In general, and thanks certainly to the consistency with which Kramer and Kimball have conducted the journal, the New Criterion is notable for four qualities. The first is the belief that there are absolute standards, not just in literature and the arts, but in public conduct and philosophical treatment of fundamental issues. The review is suspicious of relativism in any form but especially of its moral manifestations. Secondly, the paper and its contributions avoid any commitment to ideology and party but have a general disposition or temperament inclined to recognize the merits of long-established cultural facts, and to subject all novelties to skeptical scrutiny. Genuine originality, provided it is combined with skill and experience, is always acceptable and applauded. But here fashion gets short shrift, and every kind of specious neologism and euphemious dodging is cracked down on hard.

A third and important propensity is an eagerness to rescue from oblivion writers, artists, and ideas that have fallen from favor but are still relevant to our needs, and enjoyable. This is a very important task which, so far as I know, is undertaken by no other periodical. It is one of the chief reasons why I always look forward with relish to opening a copy of the New Criterion.

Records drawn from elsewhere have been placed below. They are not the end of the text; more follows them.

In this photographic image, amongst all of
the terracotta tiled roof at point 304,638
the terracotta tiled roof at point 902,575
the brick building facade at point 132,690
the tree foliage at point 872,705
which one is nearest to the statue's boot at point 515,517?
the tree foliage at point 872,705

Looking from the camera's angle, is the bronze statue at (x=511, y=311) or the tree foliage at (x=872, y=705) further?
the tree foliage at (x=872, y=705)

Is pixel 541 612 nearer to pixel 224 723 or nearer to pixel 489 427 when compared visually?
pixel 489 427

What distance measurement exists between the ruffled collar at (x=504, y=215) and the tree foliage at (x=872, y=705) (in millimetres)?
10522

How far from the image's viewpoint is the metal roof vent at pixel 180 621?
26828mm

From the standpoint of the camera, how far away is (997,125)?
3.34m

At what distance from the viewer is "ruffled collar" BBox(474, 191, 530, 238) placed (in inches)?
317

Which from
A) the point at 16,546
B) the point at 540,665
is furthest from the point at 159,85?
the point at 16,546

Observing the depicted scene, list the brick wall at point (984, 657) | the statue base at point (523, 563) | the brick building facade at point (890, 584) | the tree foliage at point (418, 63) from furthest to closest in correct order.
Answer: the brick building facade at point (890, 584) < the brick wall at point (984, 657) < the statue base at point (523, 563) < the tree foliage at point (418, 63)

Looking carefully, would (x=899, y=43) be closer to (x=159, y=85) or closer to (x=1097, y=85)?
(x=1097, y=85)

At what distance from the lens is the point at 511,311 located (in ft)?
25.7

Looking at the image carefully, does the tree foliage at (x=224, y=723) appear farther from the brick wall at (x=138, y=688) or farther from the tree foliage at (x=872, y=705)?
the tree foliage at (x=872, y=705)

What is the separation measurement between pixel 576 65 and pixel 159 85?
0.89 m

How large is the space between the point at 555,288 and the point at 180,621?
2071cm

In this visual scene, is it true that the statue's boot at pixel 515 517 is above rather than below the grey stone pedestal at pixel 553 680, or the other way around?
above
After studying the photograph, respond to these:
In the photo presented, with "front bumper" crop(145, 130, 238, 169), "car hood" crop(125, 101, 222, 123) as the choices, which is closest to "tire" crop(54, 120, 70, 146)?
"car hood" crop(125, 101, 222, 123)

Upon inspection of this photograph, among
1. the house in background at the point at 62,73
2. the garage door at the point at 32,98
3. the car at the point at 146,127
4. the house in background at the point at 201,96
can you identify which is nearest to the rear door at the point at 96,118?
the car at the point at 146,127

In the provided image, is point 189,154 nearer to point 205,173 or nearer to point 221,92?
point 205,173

Finally, there is the sheer quality of the writing. There is nothing formulaic about the journal, none of the emollient uniformity that made the New Yorker, even in its best days, so tiresome. One gets the impression that editing is minimal. The real control of quality is exercised by the selection of the writers, who are notable for their clarity of expression, their ability to organize their material, and their liveliness of idiom. They, like the journal that gives them the hospitality of its pages, form a wide but also intimate circle of civilized men and women who light wise candles in a world that often seems threatened by modernity’s tenebrae.